Problem to solve.
The answer should hold every line of the listing, unchanged and free of images.

Given information.

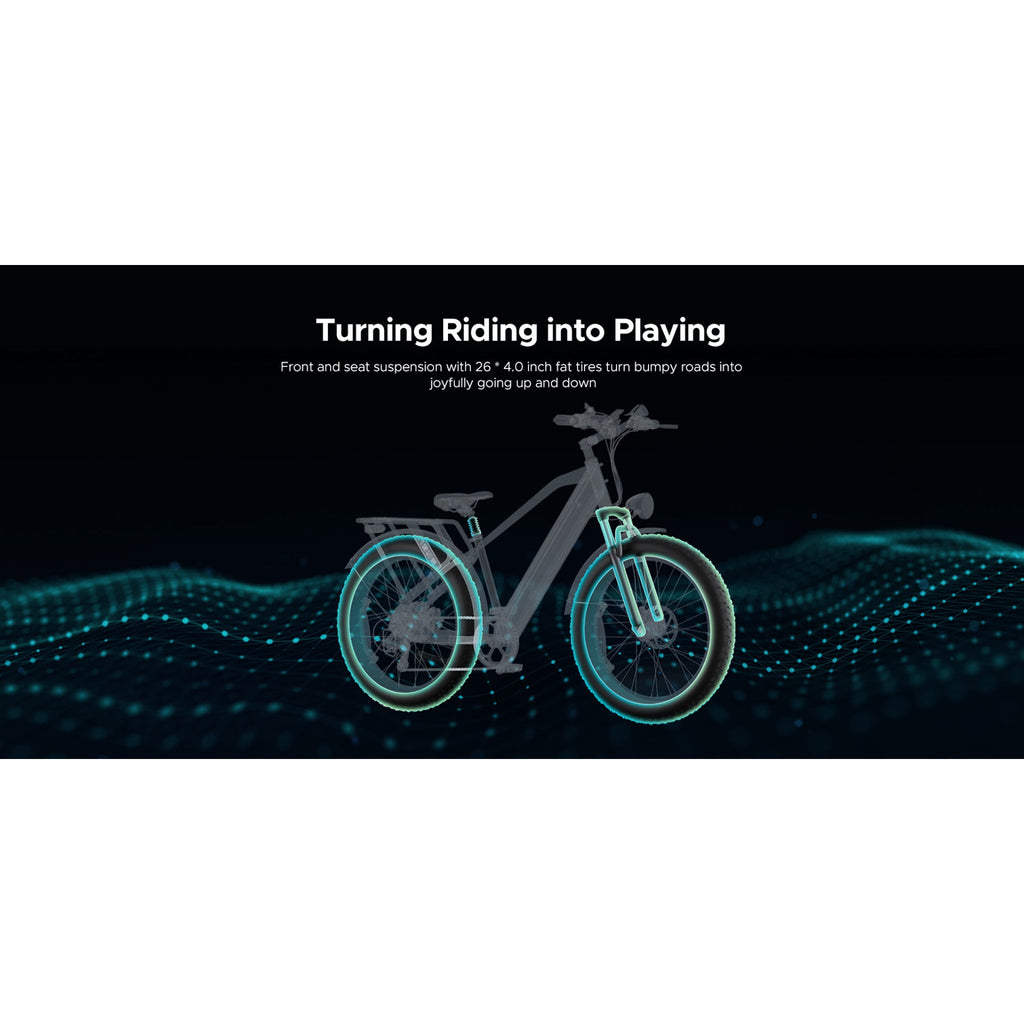 ENGWE - E26 Fat Tire Electric Bike 48V 750W 28MPH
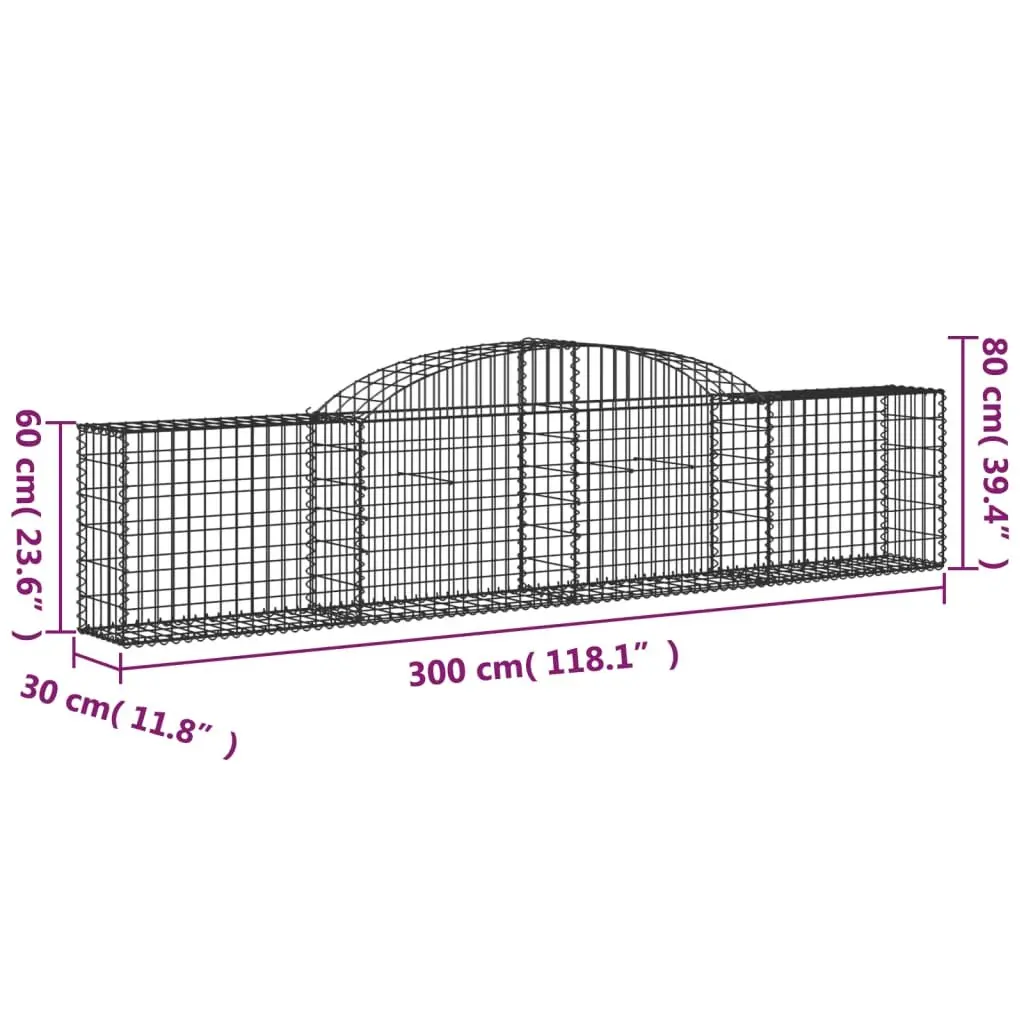 3-Piece Arched Gabion Basket Set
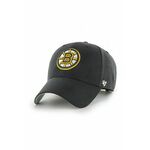 Kapa 47 brand Nhl Boston Bruins črna barva - črna. Kapa s šiltom vrste baseball iz kolekcije 47 brand. Model izdelan iz enobarvnega materiala z vstavki.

Output of the task.
 ENGWE - E26 Fat Tire Electric Bike 48V 750W 28MPH
 3-Piece Arched Gabion Basket Set
 Kapa 47 brand Nhl Boston Bruins črna barva - črna. Kapa s šiltom vrste baseball iz kolekcije 47 brand. Model izdelan iz enobarvnega materiala z vstavki.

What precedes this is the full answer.